--- START ---
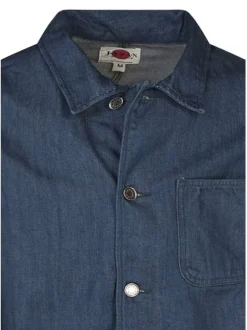 Blouson en jean denim en coton marine uni pourvu d'une coupe large
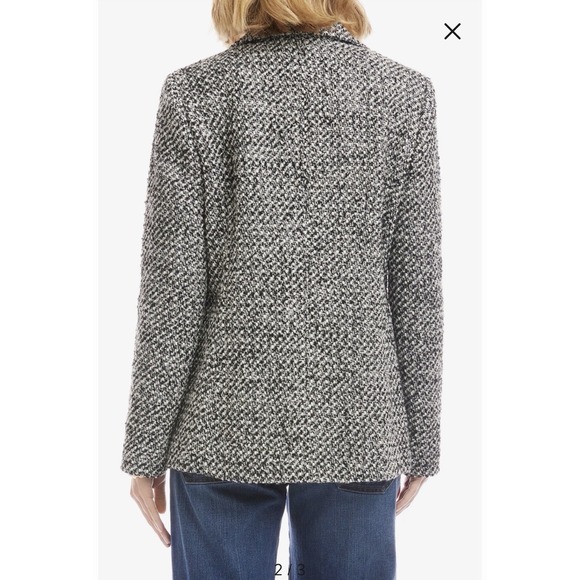 Women's Karen Kane Black And White 30% Wool Tweed Blazer Size Large With Pockets - Picture 3 of 12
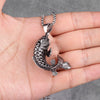 Koi Fish Animal Mens Long Necklaces Pendants Chain Punk Hip Hop for Boy Male Stainless Steel Jewelry Creativity Gift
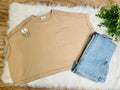 Women’s Very J Taupe Oversized Pocket Top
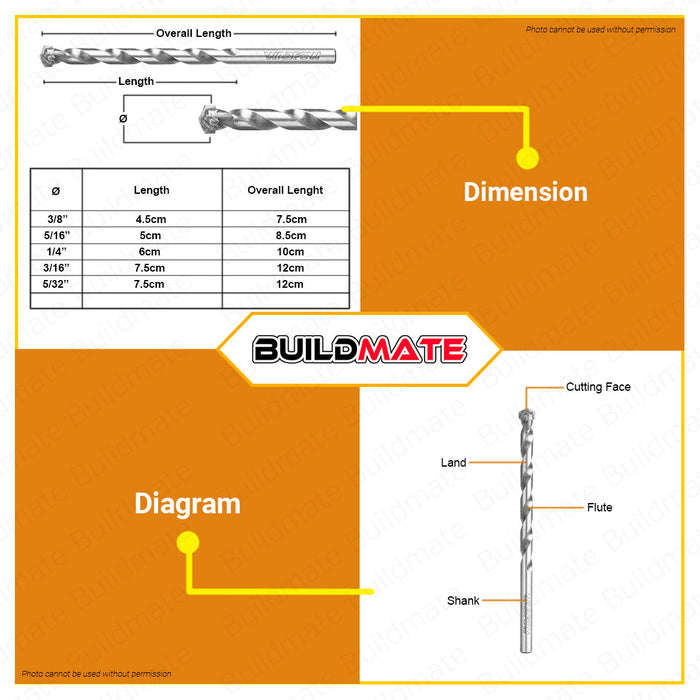 WADFOW 5PCS Masonry Drill Bit Set Concrete Drill Bit Set Twist Carbide Tip UWMJ2K01 •BUILDMATE• WHT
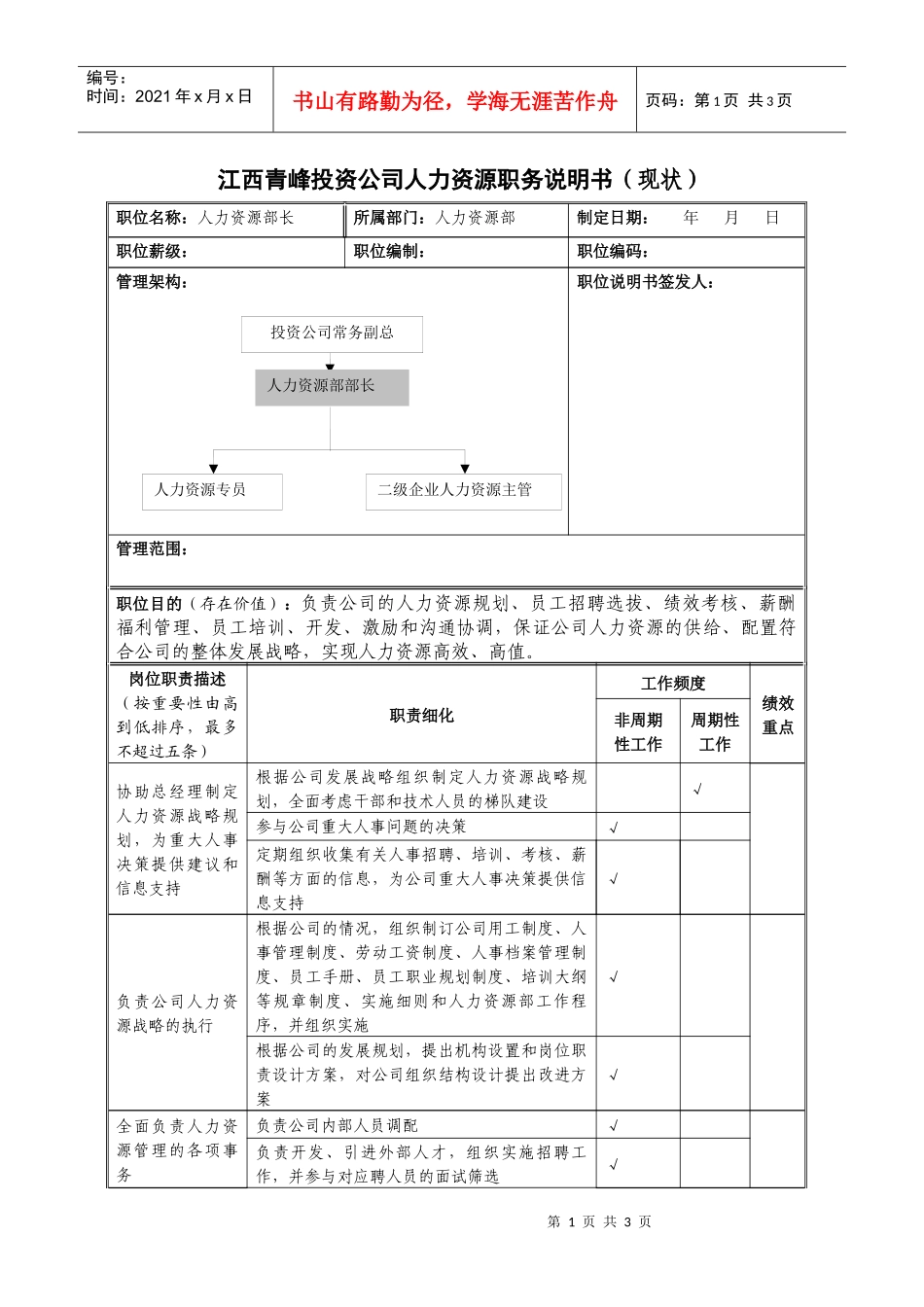 江西青峰投资公司人力资源职务说明书_第1页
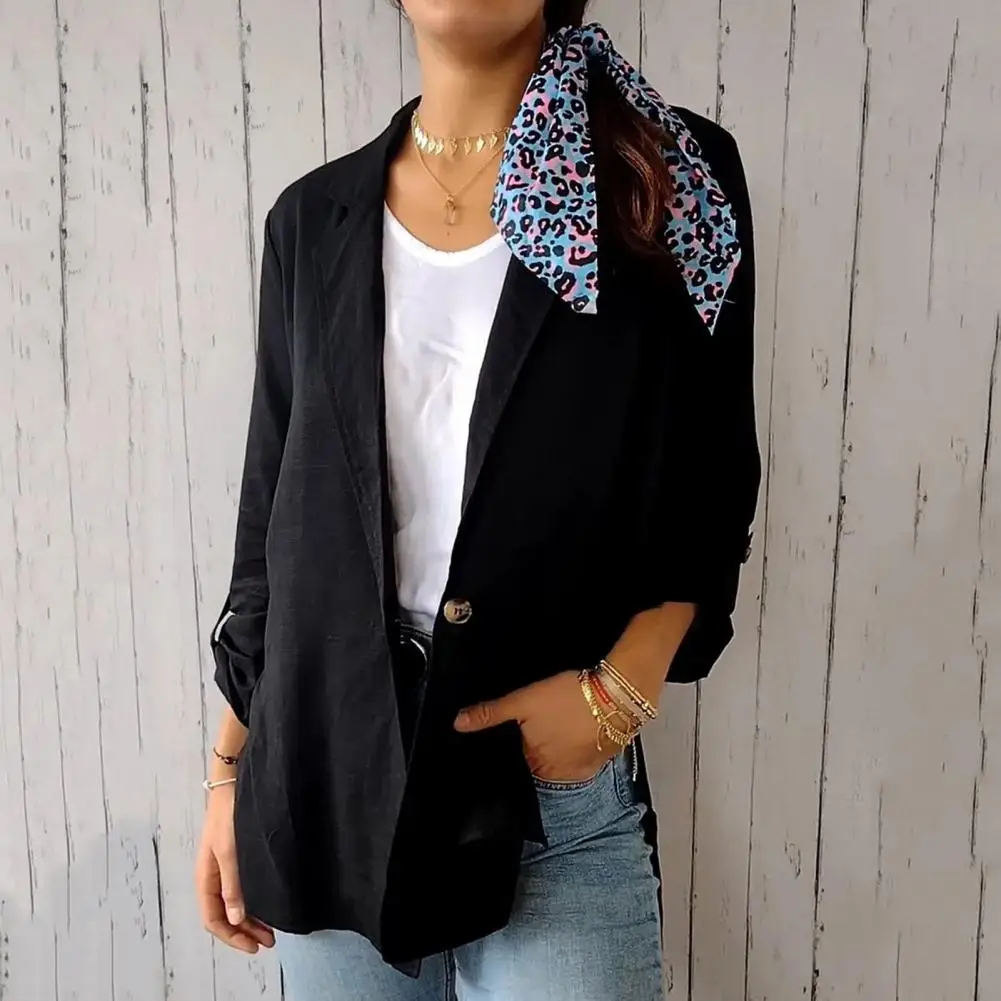 Setelan jas kantor wanita lengan panjang, setelan jas kantor lengan panjang longgar klasik berkancing tunggal untuk perempuan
--- END ---
:: Activity ::
Nothing but the lines from the line containing "Women's Karen Kane" to the end of the records above should be repeated, exactly and with every picture omitted.

:: Solution to the exercise ::
 Women's Karen Kane Black And White 30% Wool Tweed Blazer Size Large With Pockets - Picture 3 of 12
 Koi Fish Animal Mens Long Necklaces Pendants Chain Punk Hip Hop for Boy Male Stainless Steel Jewelry Creativity Gift
 Women’s Very J Taupe Oversized Pocket Top
 WADFOW 5PCS Masonry Drill Bit Set Concrete Drill Bit Set Twist Carbide Tip UWMJ2K01 •BUILDMATE• WHT
 江西青峰投资公司人力资源职务说明书_第1页
 Setelan jas kantor wanita lengan panjang, setelan jas kantor lengan panjang longgar klasik berkancing tunggal untuk perempuan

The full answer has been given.